MATERIAL FOR THE TASK:
————————

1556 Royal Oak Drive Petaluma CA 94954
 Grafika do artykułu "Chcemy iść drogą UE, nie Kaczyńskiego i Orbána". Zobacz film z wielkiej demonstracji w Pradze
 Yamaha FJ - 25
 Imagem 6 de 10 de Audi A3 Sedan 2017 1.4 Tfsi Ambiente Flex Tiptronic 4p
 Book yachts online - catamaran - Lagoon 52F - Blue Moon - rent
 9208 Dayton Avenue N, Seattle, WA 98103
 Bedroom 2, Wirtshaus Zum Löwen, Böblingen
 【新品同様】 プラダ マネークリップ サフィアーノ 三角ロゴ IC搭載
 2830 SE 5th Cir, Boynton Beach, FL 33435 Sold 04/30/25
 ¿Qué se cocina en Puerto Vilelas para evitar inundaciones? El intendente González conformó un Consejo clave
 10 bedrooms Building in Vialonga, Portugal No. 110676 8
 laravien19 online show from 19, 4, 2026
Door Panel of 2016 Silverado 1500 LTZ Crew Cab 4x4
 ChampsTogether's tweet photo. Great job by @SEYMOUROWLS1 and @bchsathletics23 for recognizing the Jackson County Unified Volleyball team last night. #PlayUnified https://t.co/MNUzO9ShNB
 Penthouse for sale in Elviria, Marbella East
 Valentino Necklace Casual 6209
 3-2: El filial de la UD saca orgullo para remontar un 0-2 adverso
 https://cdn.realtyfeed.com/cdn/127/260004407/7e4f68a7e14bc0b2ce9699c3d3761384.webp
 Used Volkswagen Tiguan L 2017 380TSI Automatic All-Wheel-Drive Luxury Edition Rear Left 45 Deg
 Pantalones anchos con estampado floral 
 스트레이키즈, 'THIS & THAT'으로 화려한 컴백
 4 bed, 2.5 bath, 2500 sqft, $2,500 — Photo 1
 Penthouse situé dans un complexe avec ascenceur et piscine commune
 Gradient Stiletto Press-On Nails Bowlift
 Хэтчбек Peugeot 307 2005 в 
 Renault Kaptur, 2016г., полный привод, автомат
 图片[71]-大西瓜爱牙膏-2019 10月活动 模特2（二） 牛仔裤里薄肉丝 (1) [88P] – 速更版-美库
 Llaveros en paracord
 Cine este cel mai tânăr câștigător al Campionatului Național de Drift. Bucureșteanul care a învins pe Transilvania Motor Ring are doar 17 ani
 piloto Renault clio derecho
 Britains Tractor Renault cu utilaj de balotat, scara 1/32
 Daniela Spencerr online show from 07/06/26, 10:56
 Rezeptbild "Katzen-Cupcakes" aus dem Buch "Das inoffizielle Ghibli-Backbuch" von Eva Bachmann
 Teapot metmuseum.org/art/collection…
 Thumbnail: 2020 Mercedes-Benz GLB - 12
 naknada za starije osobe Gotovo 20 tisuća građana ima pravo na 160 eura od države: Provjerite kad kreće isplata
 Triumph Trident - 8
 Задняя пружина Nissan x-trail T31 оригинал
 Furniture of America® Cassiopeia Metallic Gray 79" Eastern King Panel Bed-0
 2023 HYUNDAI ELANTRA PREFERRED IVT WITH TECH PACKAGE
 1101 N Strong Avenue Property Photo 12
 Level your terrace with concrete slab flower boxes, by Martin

————————

ABOUT THIS EXERCISE: Reproduce exactly what appears from the line containing "Thumbnail: 2020 Mercedes-Benz GLB - 12" down to the final line of the data.

ANSWER TO THIS TASK:
 Thumbnail: 2020 Mercedes-Benz GLB - 12
 naknada za starije osobe Gotovo 20 tisuća građana ima pravo na 160 eura od države: Provjerite kad kreće isplata
 Triumph Trident - 8
 Задняя пружина Nissan x-trail T31 оригинал
 Furniture of America® Cassiopeia Metallic Gray 79" Eastern King Panel Bed-0
 2023 HYUNDAI ELANTRA PREFERRED IVT WITH TECH PACKAGE
 1101 N Strong Avenue Property Photo 12
 Level your terrace with concrete slab flower boxes, by Martin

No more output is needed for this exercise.